About this task:
The output should match, line for line, the records from the line containing "Have the peek" through the line containing "Would you please", with every picture left out.
══ Data for this exercise ══
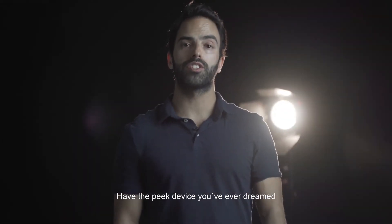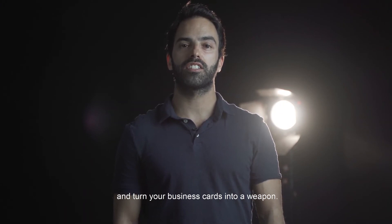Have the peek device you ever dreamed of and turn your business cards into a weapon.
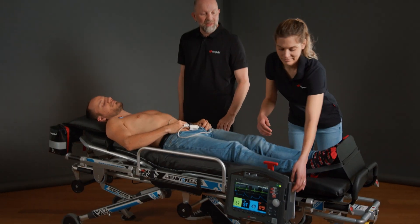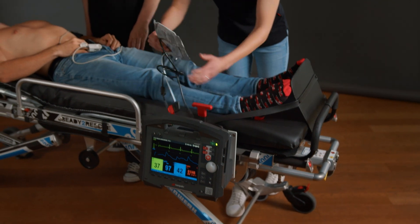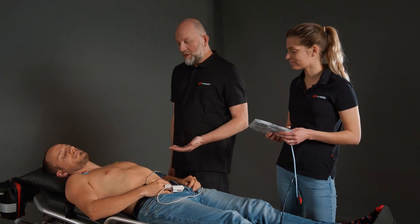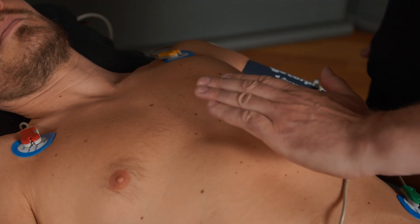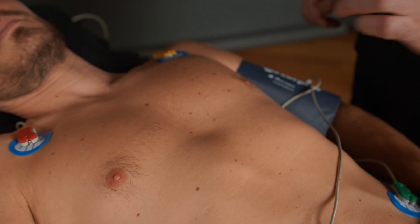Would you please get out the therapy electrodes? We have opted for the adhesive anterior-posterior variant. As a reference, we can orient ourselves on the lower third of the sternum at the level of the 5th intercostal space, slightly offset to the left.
═══
══ Data for this exercise ══
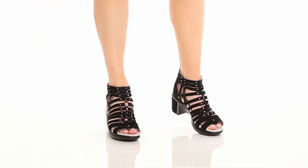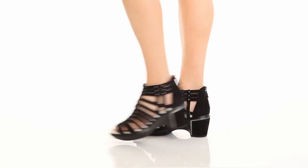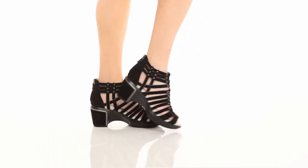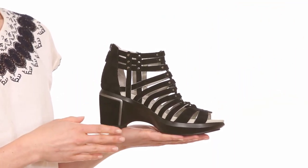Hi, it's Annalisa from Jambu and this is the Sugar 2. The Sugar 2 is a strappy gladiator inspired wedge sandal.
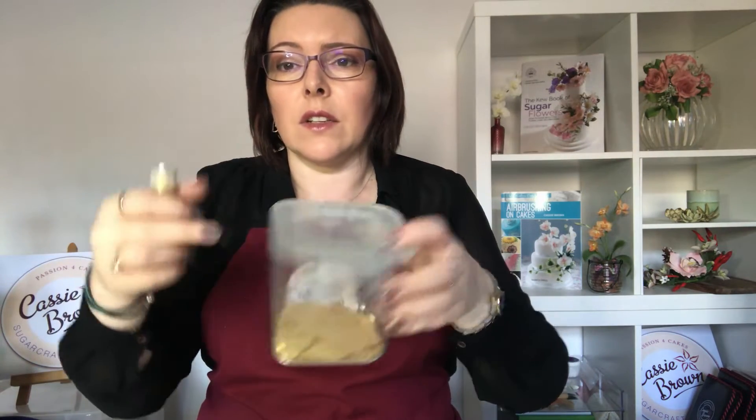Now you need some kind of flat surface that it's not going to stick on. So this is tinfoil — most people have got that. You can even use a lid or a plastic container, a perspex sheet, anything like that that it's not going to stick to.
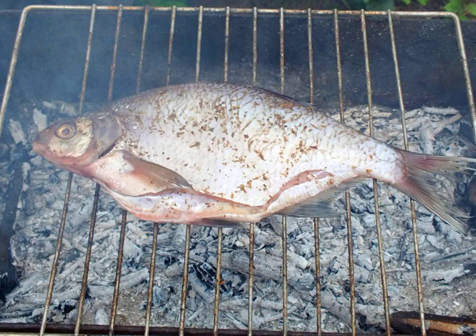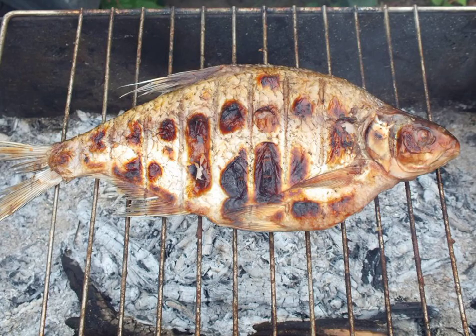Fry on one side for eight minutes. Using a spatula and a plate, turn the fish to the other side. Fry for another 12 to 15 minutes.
═══
Answer:
Have the peek device you ever dreamed of and turn your business cards into a weapon.
Would you please get out the therapy electrodes? We have opted for the adhesive anterior-posterior variant. As a reference, we can orient ourselves on the lower third of the sternum at the level of the 5th intercostal space, slightly offset to the left.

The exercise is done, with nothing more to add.